After a sustained period of heavy sell-offs, Bitcoin exchange-traded funds (ETFs) have shown signs of stabilization, with recent data revealing a halt to a $2.7 billion outflow streak. According to Swissblock, a crypto investment firm, the wave of distributions tied to Bitcoin ETFs—described as one of the most intense bear market sell-offs—has finally subsided. This shift marks a momentary easing in market pressures, offering a tentative sign that the worst of the downturn may be over.

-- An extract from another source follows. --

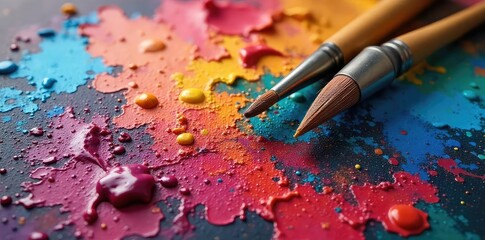 Fototapeta premium Vibrant Artists Palette Oil Paints and Brushes Ready for Creative Masterpiece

Starting from mid-June, US spot Bitcoin ETFs experienced ten consecutive days of net outflows totaling billions, yet since then, inflows have resumed modestly. Over a short span of three trading days, these ETFs attracted more than $500 million before seeing a smaller reversal with a midweek outflow close to $85 million. Despite this, Swissblock cautions that the recovering inflows are modest and fall short of signaling a robust return of institutional confidence.

The distinction between Bitcoin spot and derivatives markets underlines the current dynamics. While futures contracts have begun to show positive demand after a period of decline, spot market demand remains hesitant. Research from CryptoQuant highlights that futures traders have driven much of the recent price rebound, while spot buyers maintain a cautious stance. Historically, the most durable market rallies have occurred when both spot and derivatives demand strengthen simultaneously—a pattern not yet evident in the current climate.

This divergence raises questions about the sustainability of the recent inflows and whether Bitcoin is merely experiencing a brief pause in volatility rather than a definitive recovery phase. Investor attention now focuses on whether spot market buyers will regain confidence, which is essential for a more stable bullish trajectory.